Why did/do I think that? Because, apparently unlike some voluntarily voiceless council members, I bothered with a smidgeon of research into how comparable cities have handled comparable situations.
Marion, Ohio, is one such city. Its population of just under 37,000 is almost exactly the same as New Albany's. Marion, too, had an aging pool - a very common predicament nationwide - in a setting of roughly the same land space as Camille Wright: one that needed either substantial rehabilitation or replacement if the city decided to maintain a facility at all.
Conversation in Marion was somewhat similar to ours here as well. Like New Albany, there were discussions of the overall usefulness of such a facility and whether or not it would cash flow. Totally unlike New Albany, there was even legitimate debate about proposed costs. Finally, Marion's city council overrode a cost driven mayoral veto to build an aquatic center, depicted below via text and images from Marion Online and the aquatic center's Facebook page. It opened last summer, 2012, and has since won a state award for recreation facilities.
"The new center will feature heated water, Lazy River, Floating Lilly Pads, Zero-depth entry, 25 foot Racing Slides, a 6 foot Family Slide, a Water Play set with a bucket that dumps 150 gallons of water, 25 meter 6 lane pool with a high dive and low dive and a separate baby pool."
It indeed appears to be a very nice facility that's been well received by the community.
Here's the rub: That debate about cost that led to both a mayoral veto and a council override? It was a fight over whether to spend $2.4 million or $3.5 million. The council favored the 3.5 and won.
All the above- much of it strikingly familiar - was built within the past couple of years for less than half of even the most conservative cost estimate provided by the administration and approved by the council for New Albany's impending center. Assuming we're not purposefully overspending for nefarious political purposes, New Albany could have something very similar and $4 - 5.5 million left over to address other quality of life needs without spending any more than what's already been approved.
Making that possible, though, requires a majority of council members who think beyond mayoral and Estopinal suggestions and consider such basic, comparative due diligence a part of their job. In terms of what our council has thus far publicly offered up relative to aquatic center merits, the one direct comparison offered here - easily gleaned from about 30 minutes of individual research - unfortunately represents more than our council members have collectively put forth over several months.
The quantity and quality of discourse around numerous "park" projects has been so low and the prices so high that, if I didn't know some of the folks involved personally, I'd probably just assume they were receiving substantial kickbacks for such a dubious (lack of) effort.
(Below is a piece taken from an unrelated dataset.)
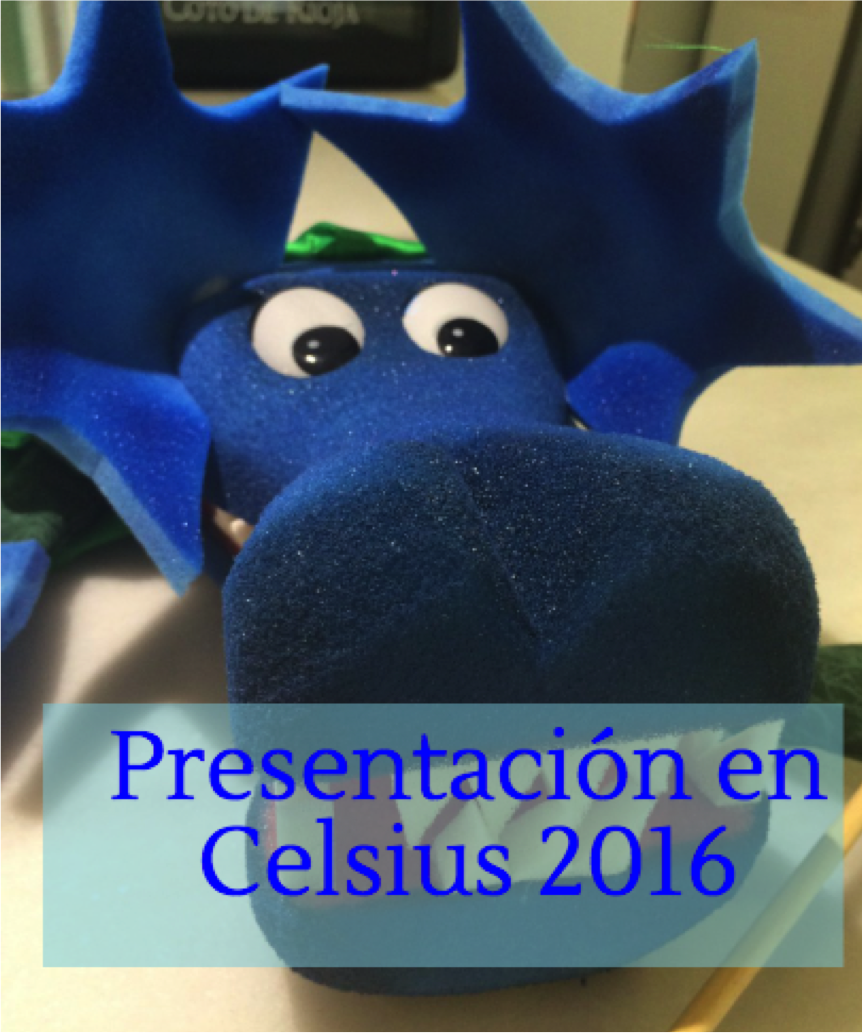 AnaGlezDuque's tweet photo. ¿Te quedaste con ganas de ver la presentación de #LasTierrasOscuras en el #Celsius2016? https://t.co/6llz0KkAOm https://t.co/p2JEU8I3CT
I don't believe that, but the lack of diligence has been egregious enough to make it a plausible explanation to fill an obvious void.
One would think (or at least I did) that the public embarrassment of a $750,000 downtown pocket park with less utility and flexibility than a $200,000 park could've offered and/or tens of thousands so casually given to a Bicentennial Commission who clearly told council members they had "no idea" how the money would be used before being granted funding should have been sufficient cause for a slightly more thoughtful approach in considering the aquatics expenditure. But, then, I already admitted to being foolishly optimistic.
If any of the council "yes" voters would like to explain exactly which portion of our proposed aquatic center justifies multiple, additional millions as compared to what we can plainly observe here, the floor is open. It's been open for months. Until any such rational, evidence-based explanation materializes, however, "rubber-stamp" criticisms will ring truer than usual for a group who, via the intelligence of its individual members, ought to know much better.
As an overall experience, our current council group has in ways been even more frustrating than some of the lesser moments of the Kochert-led era that served as my introduction to New Albany politics. During that time, a distinct lack of intellectual capital coalesced with an abundance of insider bullying to render capacity so low as to substantially limit both expectations and actual potential.
But that's not the case here. What we have now is an example of "won't" rather than "can't" in which acquiring council seats has somehow rendered usually talented people into an amorphous mass of counterproductive group decline. The sum is less than its parts. No one is consistently demonstrating their capacity for good questions, so we're settling for lousy, injudicious answers and losing badly.
So far, a bunch of really smart people have managed to haphazardly waste millions in public funding without so much as addressing some fundamental quality of life and prioritization issues. If such behavior continues unchecked by any number of council members quite capable of checking it, future councils and the city at large will have a much more difficult time responding to those issues as we try to dig ourselves out of holes already dug, some quite literally, at places like Bicentennial Park and the aquatics center.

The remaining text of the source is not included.